C40 Reinventing Cities is an annual urban design competition inviting new visions for underutilized sites in cities across the globe.
Along with teammates Maya Jain, Thomas Heinrich, and Gabriel Townsend Darriau, I submitted an entry to the competition's student category.
View the proposal in English or French.
Design
Research
Writing
January – May 2021 (5 months, part-time)
Tiohtià:ke/Montreal & remote
Our proposal for the C40 Students Reinventing Cities competition advocates for the integration of systems thinking into cities’ ways of working and creating. It includes 6 guiding principles that are interrelated, complementary and non-exhaustive. The principles underpin a series of processes to bring to life the enabling, supportive and incentivizing qualities of a citizen-steered city-backed redevelopment process.
Project origins I learned of the launch of the student category from the C40 mailing list, which I was subscribed to because of my prior interest in 4000 St Patrick, the site of the professional category. I took an interest in the site for the student category because of its close proximity to where I was living at the time.
Our team came together around a shared desire to be creative during the Covid-19 lockdown and develop an urban design philosophy with inspiring, like-minded people.
Process Our team worked remotely for the duration of the project, meeting regularly to discuss research, trade notes, and develop our ideas.
We structured our proposal according to the guidelines of the competition (which called for a Panel, Action Plan, and Implementation Plan), but deviated in some places to ensure the final result reflected our personal conclusions and ideals.
For example, rather than adopting the 10 design principles outlined by C40, we came up with our own guiding principles, which were less specific and more geared towards inviting systems thinking into urban development.
Narrative We chose to animate the futures made possible by our proposal with narrative fiction, as this medium is uniquely poised to bring forth empathy, emotion, a variety of perspectives, and an imaginative process capable of zooming between micro and macro; past, present and future.

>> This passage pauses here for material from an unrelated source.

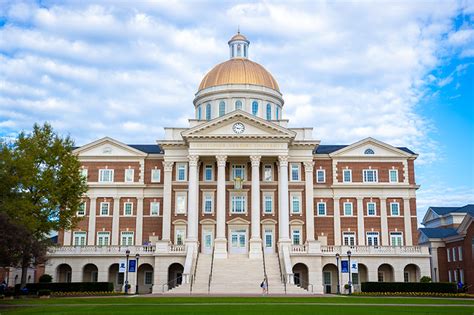 5 Ways To Land A Job At Christopher Newport University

The resulting anthology of short stories constitutes the bulk of our Action Plan.
Panel We chose to go with a collage aesthetic, as we felt it aligned well with our position that cities should augment and build on existing infrastructure in place of demolishing and building something entirely new.
Action Plan Each of us composed a short story.
I contributed the story “Finn & Flo,” which follows two residents of Value Collective as they find their way to the institution and explore their ambitions within its proposed structure. Value Collective was integrated as a component of our Implementation Plan.
Interspersed throughout the stories are informational boxes, which layer in related concepts, research, and references. Text is underlined wherever the content of the story corresponds with a box in the margins.
The colours in the background evoke our colour-coded principles.
Implementation Plan Our Implementation Plan lays out a series of actions and policy measures to catalyze a community-led redevelopment process, including programs and funding streams to help residents come together and realize their individual and collective visions.
Books Though we didn’t win the competition, we were happy with the results of our work and decided to circulate our proposal by printing and binding 20 copies in both French and English. Books were given away to friends and collaborators, and one was donated to Concordia University’s Fine Arts Reading Room.